I kept digging as I drove home (not the safest environment for soul searching I'll admit, I tend to drive like a crazy person as it is), and I found myself going to an exciting moment in the future - my wedding. And there it was! I realized that too often in life I numb out during the little moments, the "in between exciting moments," so that I can look forward to the next and not feel the sadness of what's already over. And I'm really good at this. I think it's partially because of my long distance relationship with my fiance. It's so painful to have short little meetings and having to constantly say goodbye, so I've become an expert and numbing out when he's gone, and life zooms past me really fast because my mind is always looking towards our next meeting.

Now, I don't think daydreaming is bad at all, and I don't think it's wrong to be looking forward to my wedding. But how many times do we sit and say, "damn that year flew by so fast?" Time does fly, and my coping mechanism of spacing out and focusing on the future makes my life feel like it's on fast forward!

One of my fellow teachers/mentor/dear friend, led me through an exercise yesterday. I wrote words that I wanted to feel in 2013: passionate, alive, confident, strong, sexy! and so forth in my journal. Then she said, "assume those feelings right now, in this moment."  And for a second, I did. I felt confident, I felt strong, and I felt powerful, in that very moment, I wasn't dreaming of what those feelings would feel like, I felt them.

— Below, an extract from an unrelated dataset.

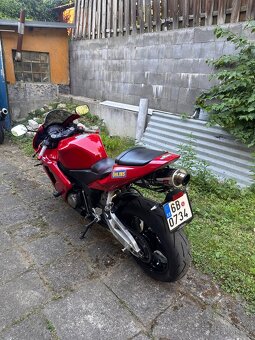 Honda CBR600 RR - 5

I found that fascinating - not to mention my practice in the class that followed felt freaking amazing!!!

So I'd like to challenge myself, and challenge you too. What if we kept our goals, those badass goals we have for 2013, but already embody those feelings we want to experience when we achieve them?

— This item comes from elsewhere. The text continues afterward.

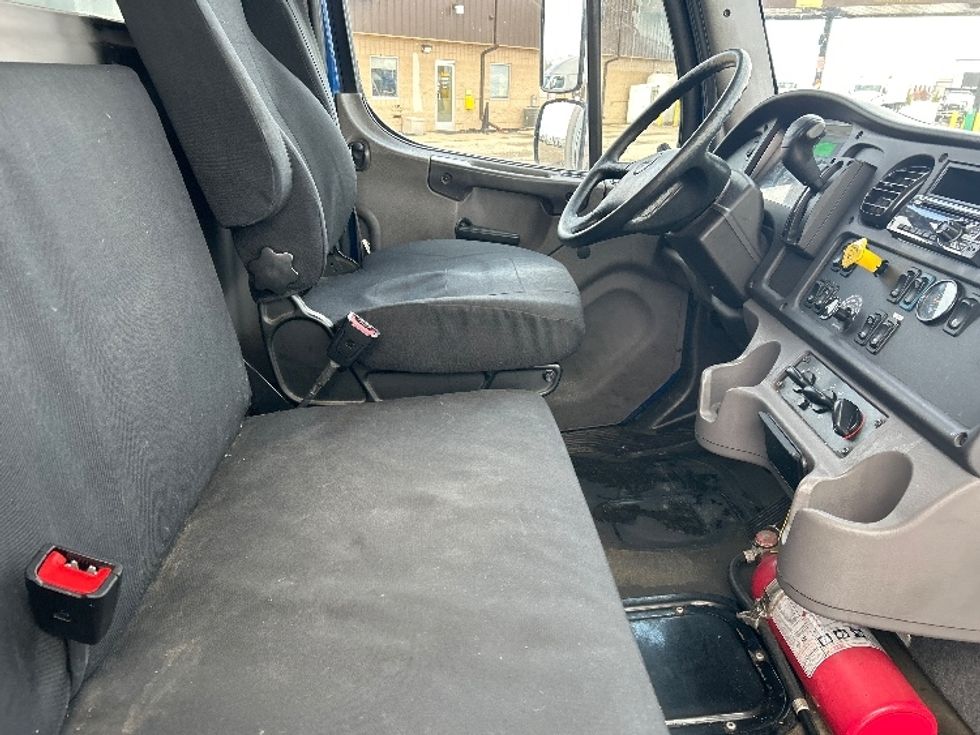 Medium Duty Box Truck-Light and Medium Duty Trucks-Freightliner-2020-M2-Lansing-MI-296,852\n\t\tmiles-$ 25,000 - Image 22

I want to be an amazing teacher.
I want to help heal the world.
I want to freaking pike into handstand.
I want to gravity surf like my life depends on it.
I want to be with my future husband everyday.

Those are some of my goals. And although I'm sad my fiance left, and sometimes I'm frustrated my "piking" feels like a belly flop...I can already embody the feelings of confidence, power, and sexiness that I know I'll feel when I get to those moments.  I challenge myself to wake up everyday and live in the moment, whether it be happy or sad, knowing that I can also embody the feelings I look forward to - right now. I choose to celebrate today, to love my half handstand, to love my half turn signal, to love that as I teach I am growing/learning/ improving, to love my handful of dedicated badass students...because it is all just as beautiful as the next accomplishment.